Most patients with end-stage hepatocellular carcinoma experience pain, but when it’s severe, how best to control the pain is debatable. A number of studies, including one recently presented at the ASCO Gastrointestinal Cancers Symposium 2023, shows that low-dose radiotherapy can improve pain, and in this case, even improve survival.
The study, conducted by Laura Dawson, MD, a radiation oncologist with the Princess Margaret Cancer Center, Toronto, was conducted in 66 patients with painful hepatocellular carcinoma or liver metastases. They were randomized to receive either palliative radiotherapy (single fraction 8 gray) or standard pain control. Sixty-three percent of patients treated with radiotherapy reported significant improvements in mild pain compared with 28% of patients who received standard pain control (P = .03).
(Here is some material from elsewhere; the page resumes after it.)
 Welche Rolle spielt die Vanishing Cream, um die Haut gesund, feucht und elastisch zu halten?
Currently, palliative radiotherapy to control pain in late stage cancer may be an option for some patients with other types of advanced cancer, but in liver cancer, there is little data to support its routine use in patients with terminal hepatocellular carcinoma. “Several prior studies have shown radiation therapy may be delivered safely and that it may help patients with hepatic cancer pain,” Dr. Dawson said. But the previous studies have mostly been single-arm, she said, and many lacked patient-reported outcomes.
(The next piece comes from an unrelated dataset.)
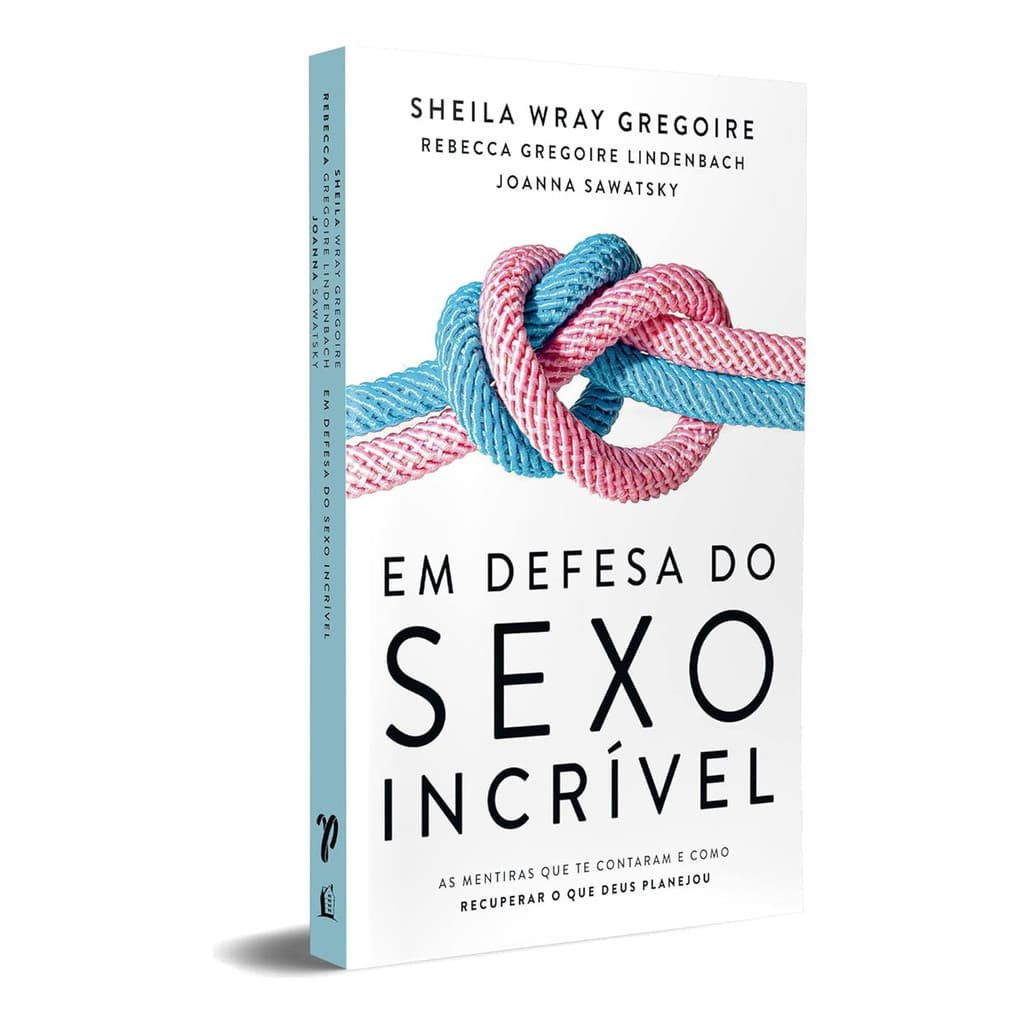 Livro Em Defesa Do Sexo Incrível - Sheila Wray Gregoire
In liver cancer, existing therapies are largely inadequate for pain relief, especially for moderate to severe pain. Systemic therapy isn’t effective for rapid pain relief. And, for a subset of patients with end-stage liver cancer, standard pain control with acetaminophen, steroids, and narcotics either is not effective or cannot be tolerated because of underlying cirrhosis or poor liver function due to the cancer.
Although not clinically significant, palliative radiotherapy improved 3-month survival (51%) compared with patients who received best supportive care (33%, P = .07). “Interestingly, there was a trend for improved survival in those patients who received radiation with a 3-month survival of 51% versus 33% of those who received best supportive care. Clearly, the study was not powered for this, but it is very intriguing and hopefully sets the stage for future clinical trials.”
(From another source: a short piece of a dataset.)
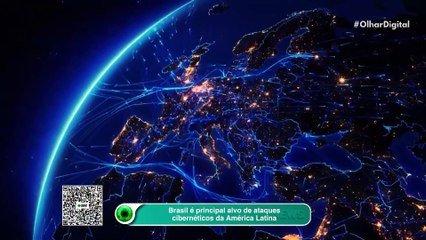 Brasil é principal alvo de ataques cibernéticos da América Latina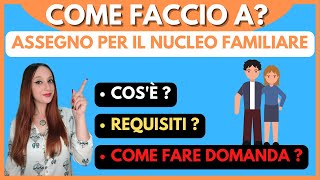 ASSEGNO PER IL NUCLEO FAMILIARE  ANF   Cosè  Requisiti  Come fare la domanda [upl. by Siffre357]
In this study, “simple radiotherapy was used and could consist of two beams, opposed or oblique parallel pair, or simple intensity modulated radiation. This is available with any medical linear accelerator or any cancer center,” Dr. Dawson said. “A single dose of radiation therapy with an antiemetic is a low-cost simple palliative intervention for patients with analgesia-refractory hepatic pain from cancer.”
New data reported at ASCO GI
The Dawson et al. study included 66 patients with liver cancer who had pain scores of at least 4. They had pain that was specific to the liver and they were unsuitable for or refractory to other therapies with no other planned therapies, such as immunotherapy. Their pain was refractory to standard treatments. Of the patients, 43 had liver metastasis from cancers that originated in the colon (12), breast (5), pancreas (4), lung (3), hepatocellular carcinoma (23), or other sites (19).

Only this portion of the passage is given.